Source material:
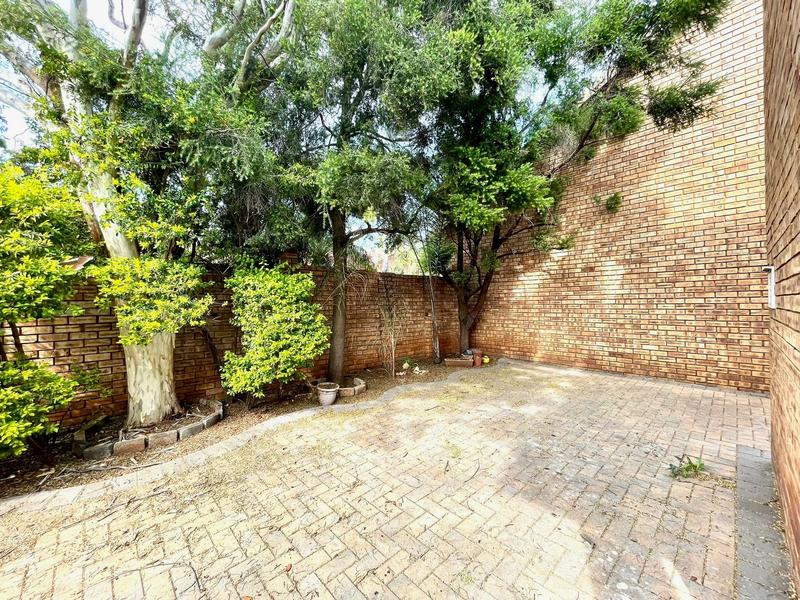To Let 3 Bedroom Property for Rent in Eldoglen Gauteng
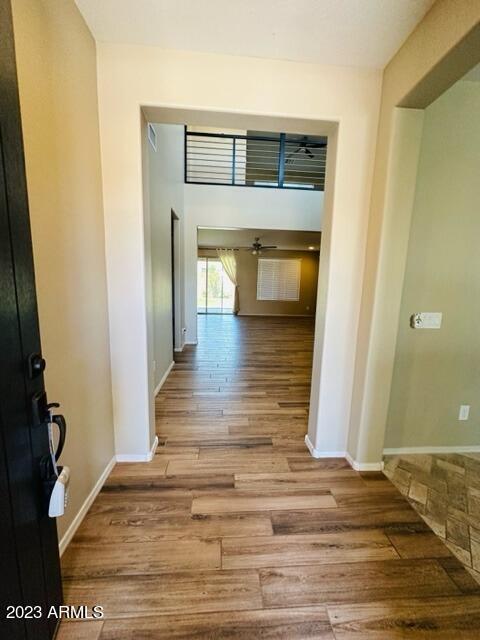 Building Photo - 9528 W Weeping Willow Rd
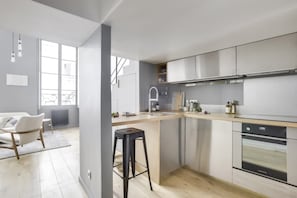 Réfrigérateur, micro-ondes, four, plaque de cuisson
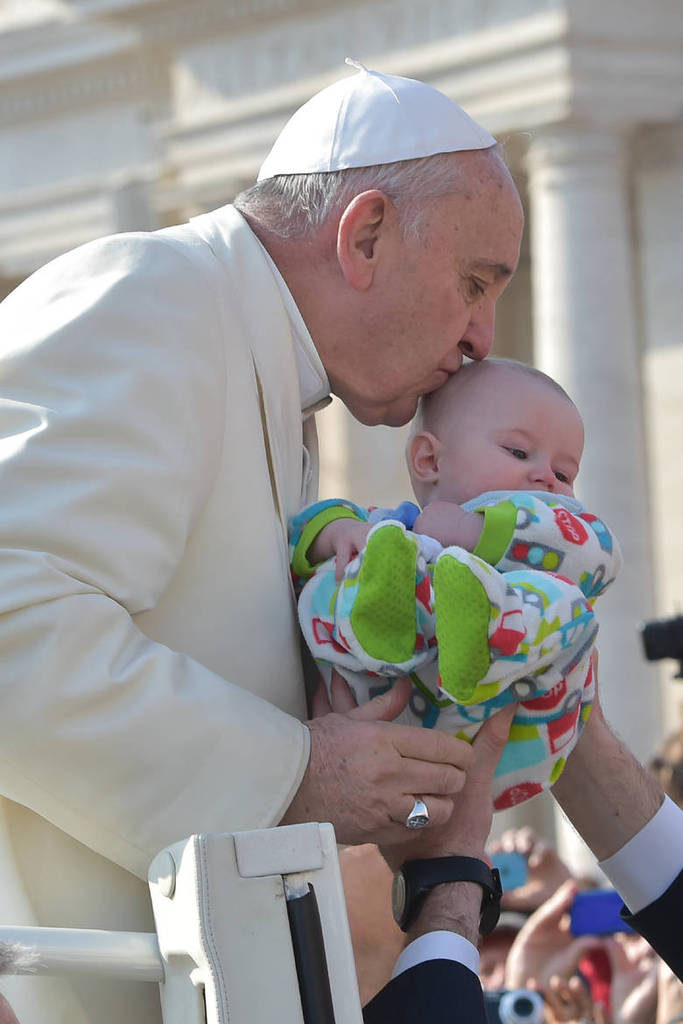 Il Papa: "la scuola è una grande famiglia per tutti"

What to produce: Copy verbatim the span that begins at the line containing "Building Photo - 9528 W Weeping Willow Rd" and ends at the last line of the material, inclusive of both; exclude pictures.

Solution:
 Building Photo - 9528 W Weeping Willow Rd
 Réfrigérateur, micro-ondes, four, plaque de cuisson
 Il Papa: "la scuola è una grande famiglia per tutti"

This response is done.